We exposed our kids to some very special education about certain things that adults do and kids simply don't and that includes drinking beer, wine and whiskey, telling naughty jokes and communicating in some choice language. And as the evening was just gaining momentum a mom was spotted but she scarpered when we told her that she would have to tour the camp-site and spend 3 minutes in each tent.

The kids ate and drank but I don't recall any of them eating anything that could be called food. Around 11 pm Duncan, my son begged to go to bed. But he really had to plead before I let him and only if he did not brush his teeth. And then an hour later a very bewildered kid came out from a tent into the rain where I was feeling a little miffed as Ray Cadiz was one upping me with his endless supply of fire wood.

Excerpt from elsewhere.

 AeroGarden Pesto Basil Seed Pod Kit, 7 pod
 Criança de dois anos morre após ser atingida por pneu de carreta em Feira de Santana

This kid said he was getting wet in his tent so, as I had spare sleeping bag, I tucked him up in my van. About 02h00 this kid, Harry, decided he would part company with his meal which had consisted of a litre of coke and a kilogram of chocolate. This he duly puked over Duncan's back and into his sleeping bag. He then wondered off into the darkness back to his tent where Roger nursed him back to health and this morning he was running around fit as a fiddle again. Kids are so strong!

I was just settling down to sleep, around 04h00 and when Martin's dog raided my campsite and I spent the rest of the night listening to him crunching through JJ's spare rib debris.

Next morning another mom was spotted cleaning up after her husband, Clive Elliot, who ostensibly went off to run a marathon, but she also soon scampered off when I tried to get her to pack up my mess.

Of course the day had to end with a moment of high drama when I got locked in the pavilion clubhouse, without a cell phone, when on a visit to the porcelain. I just managed to attract attention with much hollering and banging but I was beginning to think I might have to don my Houdini hat and escape through the roof tiles as the pavilion is a veritable fortress.

Shocking this all must sound indeed. But believe me it was spectacularly successful and we all got to know the inner darker secrets of many new friends. And to boot the Cobras won the Pro20 cricket final and none of us got to watch it on TV!